Elles ne sont pas si fréquentes les fictions (Spotlight, Les Hommes du président, Pentagon Papers…) qui font la part belle au journalisme – en France, n’en parlons pas. C’est une profession souvent ignorée et, quand ce n’est pas le cas, il n’est pas rare qu’elle soit montrée à l’écran comme étant sous influence, prisonnière de l’immédiateté, de sa médiocrité ou d’intérêts peu compatibles avec une information indépendante ; parfois les trois. Ce qui, pour dire vrai, n’est pas complètement faux.
Mais heureusement, il y a The Hack, une mini-série britannique diffusée depuis la mi-juin sur la plateforme d’Arte. Elle raconte l’enquête hors du commun d’un journaliste du quotidien The Guardian qui, en révélant le pire de l’industrie des médias en Angleterre, a montré par contraste le plus beau visage du journalisme : rigoureux dans la recherche des faits, acharné face aux puissants vents contraires et tout entier dédié au service du public. En un mot : utile.
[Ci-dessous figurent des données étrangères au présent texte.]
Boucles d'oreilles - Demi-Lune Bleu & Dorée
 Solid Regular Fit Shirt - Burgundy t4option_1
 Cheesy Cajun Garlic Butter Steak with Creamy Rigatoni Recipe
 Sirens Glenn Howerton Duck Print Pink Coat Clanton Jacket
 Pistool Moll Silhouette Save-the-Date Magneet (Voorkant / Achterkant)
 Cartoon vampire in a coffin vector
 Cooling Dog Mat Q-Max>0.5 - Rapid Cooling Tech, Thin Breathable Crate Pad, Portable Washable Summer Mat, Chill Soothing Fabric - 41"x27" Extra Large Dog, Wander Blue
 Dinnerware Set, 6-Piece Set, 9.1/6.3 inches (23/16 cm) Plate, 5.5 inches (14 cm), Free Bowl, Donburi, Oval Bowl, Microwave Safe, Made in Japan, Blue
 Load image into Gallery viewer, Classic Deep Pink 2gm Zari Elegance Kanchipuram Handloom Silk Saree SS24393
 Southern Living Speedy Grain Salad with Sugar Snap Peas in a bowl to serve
Créée par Jack Thorne, à qui l’on doit déjà la bouleversante série Adolescence, The Hack tient pour personnage central le journaliste Nick Davies, qui va mettre au jour les pratiques de l’empire médiatique du milliardaire Rupert Murdoch et de l’un de ses principaux journaux en Angleterre, le tabloïd News of the World.
Interprété par l’acteur David Tennant, le journaliste du Guardian va révéler comment, grâce à des policiers corrompus, des détectives privés sans foi ni loi et des politiques prosternés, l’empire Murdoch a espionné pendant des années les téléphones de stars, de journalistes et d’anonymes. Et même la messagerie d’une adolescente de 13 ans, entre le moment de sa disparition et la découverte de son cadavre.
Rien ne manque dans la série de ce qui fait le journalisme : une enquête qui naît d’une précédente enquête ; des sources inquiètes qu’il faut protéger à tout prix ; la grande solitude après les premières révélations qui paraissent tomber dans un désert d’indifférence des autres médias ; le sentiment d’impunité intact des mis en cause…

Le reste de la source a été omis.